Provably stable learning control of linear dynamics with multiplicative noise
Peter Coppens, Panagiotis Patrinos

TL;DR
This paper presents a data-driven approach for identifying and controlling linear systems with multiplicative noise, ensuring stability and optimality with probabilistic guarantees using tensor algebra techniques.
Contribution
It introduces a least-squares identification method with confidence bounds and a robust LQR control synthesis for systems with multiplicative noise, leveraging tensor algebra.
Findings
Guaranteed stability with high probability
Sample complexity bounds for system identification
Convergence to the true optimal control
Abstract
Control of linear dynamics with multiplicative noise naturally introduces robustness against dynamical uncertainty.

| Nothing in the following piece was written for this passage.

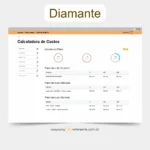 Vetor para CNC Laser - Calculadora – Plano Diamante – Anual - em MDF 03mm
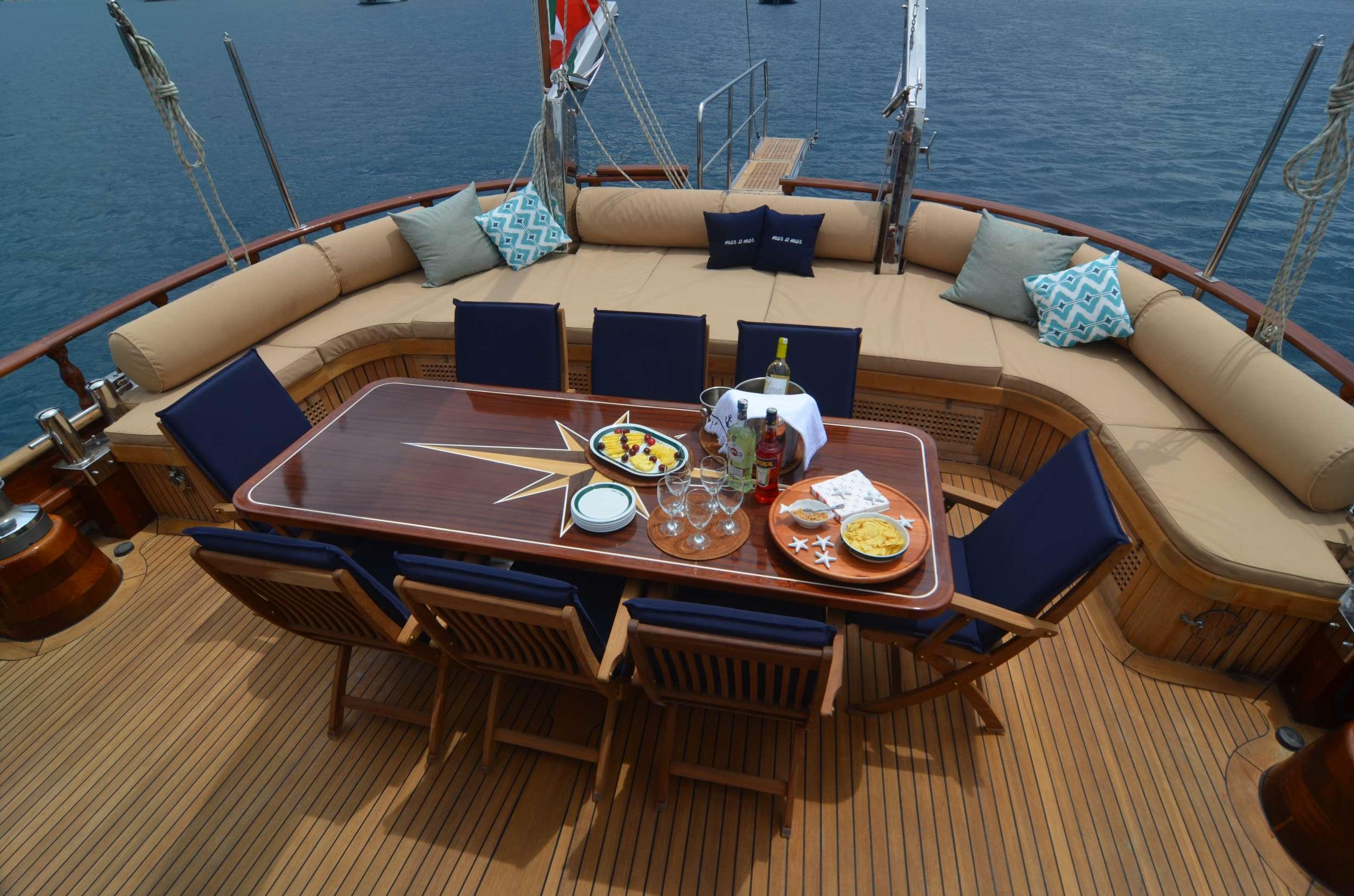 Mar & Mar gulet amenities lifestyle dining in Italy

Moreover, many physical systems are subject to multiplicative disturbances. In this work we show how these dynamics can be identified from state trajectories. The least-squares scheme enables exploitation of prior information and comes with practical data-driven confidence bounds and sample complexity guarantees. We complement this scheme with an associated control synthesis procedure for LQR which robustifies against distributional uncertainty, guaranteeing stability with high probability and converging to the true optimum at a rate inversely proportional with the sample count. Throughout we exploit the underlying multi-linear problem structure through tensor algebra and completely positive operators. The scheme is validated through numerical experiments.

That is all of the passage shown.